Вполне естественно было бы ожидать от Верещагина этюды, наброски на военную тему, запечатлевшие милитаристскую Японию... Однако главными произведениями о Японии стали «Шинтоисский храм в Никко», «Вход в храм в Никко», «Японка», «Нищий». К начатым, но неоконченным картинам японского цикла относятся «Прогулка в лодке. Япония», «На прогулке (Японка на мостике)» – эти картины, по словам А.К. Лебедева, «раскрывают совершенно другой подход художника к созданию произведения живописи <.. .> От былой графичности и сухости живописи, от выписанности деталей не осталось и следа <... > богатая игра рефлексов, мастерство в передаче света и атмосферы придают этюдам замечательную жизненность <...> По поэтичности настроения, мастерству исполнения, свежести живописи, тонкости передачи световоздушнои среды и гармонии красок японские этюды столь превосходны, что даже многие злейшие враги Верещагина, всячески принижавшие его творчество, давали им самую лестную оценку».12 Живопись Верещагина в преддверии первой большой в XX веке войны для России оказалась в русле художественных поисков в искусстве рубежа веков. Российское искусство, напомним, находилось в полутора десятках лет от гибели, вызванной началом следующей, уже мировой войны.

В Русско-японской войне трагически переплелись судьба России и судьба Верещагина – художника и человека. В письме Алексею Николаевичу Куропаткину Верещагин писал, что считает Куропаткина лучшим среди тех, кто способен «разделаться с забывшими меру в своих притязаниях японцами, которых удовлетворить нельзя. Замирясь сегодня, они полезут завтра».13 В своем дневнике А.В. Жиркевич передает впечатление от разговора с Верещагиным накануне поездки в Японию: «...предчувствие смерти живет в нем. Ему кажется, что он не вернется в Россию. А едет... Удивительный человек!»14

Можно предположить, что если бы не трагическая гибель художника, так хорошо знавшего войну, у отечественной баталистики была бы возможность дальнейшего познания войны как иной реальности, более сложного соотношения войны и мира.

Для восприятия творчества Верещагина сейчас нужна более сложная социокультурная оптика, позволяющая увидеть не столько «понимание» им социально-политических причин войны, сколько эмоциональное ее восприятие, мироощущение художника, знавшего войну, бившегося над разгадкой идеи войны.
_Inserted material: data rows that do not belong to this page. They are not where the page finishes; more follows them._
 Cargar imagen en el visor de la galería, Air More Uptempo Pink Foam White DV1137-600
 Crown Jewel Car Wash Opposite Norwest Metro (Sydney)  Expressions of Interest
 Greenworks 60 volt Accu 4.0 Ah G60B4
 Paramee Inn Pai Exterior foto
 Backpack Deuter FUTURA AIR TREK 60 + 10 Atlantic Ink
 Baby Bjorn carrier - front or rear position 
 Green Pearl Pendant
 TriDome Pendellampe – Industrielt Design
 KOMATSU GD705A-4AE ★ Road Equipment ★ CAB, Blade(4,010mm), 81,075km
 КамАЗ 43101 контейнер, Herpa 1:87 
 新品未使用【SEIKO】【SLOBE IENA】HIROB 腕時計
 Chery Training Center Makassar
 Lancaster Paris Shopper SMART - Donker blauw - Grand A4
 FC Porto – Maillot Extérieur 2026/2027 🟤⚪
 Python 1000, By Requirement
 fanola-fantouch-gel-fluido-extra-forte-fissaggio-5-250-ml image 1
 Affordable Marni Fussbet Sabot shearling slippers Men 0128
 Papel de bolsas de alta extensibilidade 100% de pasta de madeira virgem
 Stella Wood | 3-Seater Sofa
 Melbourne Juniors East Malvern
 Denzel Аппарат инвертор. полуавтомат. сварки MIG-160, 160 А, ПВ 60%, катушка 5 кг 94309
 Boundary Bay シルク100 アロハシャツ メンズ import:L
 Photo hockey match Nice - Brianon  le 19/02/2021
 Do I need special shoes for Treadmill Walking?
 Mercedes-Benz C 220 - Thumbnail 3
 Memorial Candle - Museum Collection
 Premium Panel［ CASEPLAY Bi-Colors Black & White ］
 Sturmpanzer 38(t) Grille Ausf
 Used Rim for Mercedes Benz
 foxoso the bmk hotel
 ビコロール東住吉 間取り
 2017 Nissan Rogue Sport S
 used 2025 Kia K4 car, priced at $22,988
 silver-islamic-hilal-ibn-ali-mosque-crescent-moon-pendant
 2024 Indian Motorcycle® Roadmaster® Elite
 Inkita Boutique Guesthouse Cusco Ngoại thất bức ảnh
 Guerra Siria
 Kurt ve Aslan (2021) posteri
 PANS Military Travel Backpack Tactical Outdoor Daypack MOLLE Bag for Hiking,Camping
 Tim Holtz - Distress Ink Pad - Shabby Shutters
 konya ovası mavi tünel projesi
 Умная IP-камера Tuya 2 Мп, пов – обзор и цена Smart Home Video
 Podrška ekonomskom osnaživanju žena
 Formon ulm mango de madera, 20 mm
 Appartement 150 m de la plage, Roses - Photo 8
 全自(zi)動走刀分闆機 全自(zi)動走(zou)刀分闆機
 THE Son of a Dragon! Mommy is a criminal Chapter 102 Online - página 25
Эта многомерная оптика позволила бы совместить глобальные изменения в мире и индивидуальное их восприятие, объективное и подсознательное в отношении к войне, творческую судьбу художника и историю России... Задача, видимо, состоит в том, чтобы совместить гражданственность мировоззрения Верещагина и лиричность, метафоричность и чувственность художника, его изобразительный дар и редкую художественную наблюдательность... Все это в совокупности позволит представить мироощущение Верещагина рубежа веков в большей рельефности и динамике.

Примечания

1 Из интервью испанского поэта Антонио Порпетта // Литературная газета. 2005. 12-18 октября. №42. С.8.

2 Толстой Л.Н. Поли. собр. соч. (Юбилейное). Т.90. С.47.

3 Соловьев Вл. Смысл любви. Избр. произведения. М., 1991. С.353.

4 Там же. С.513.

5 Там же. С.352.

6 Лебедев А.К. В.В. Верещагин. Жизнь и творчество. М., 1958. С.276.

7 Там же. С.277.

8 Там же. С.278.

9 Там же. С.282.

10 Русско-японская война / Сост. Английский Генштаб. М., 1905. С.VI.

11 Цит. по кн.: Лебедев А.К. В.В. Верещагин. Жизнь и творчество. М., 1958. С.282.

12 Там же. С.285.

13 Верещагин В.В. Избранные письма. М., 1981. С.206.

14 Цит. по кн.: Лебедев А.К. В.В. Верещагин. Жизнь и творчество. М., 1958. С.276.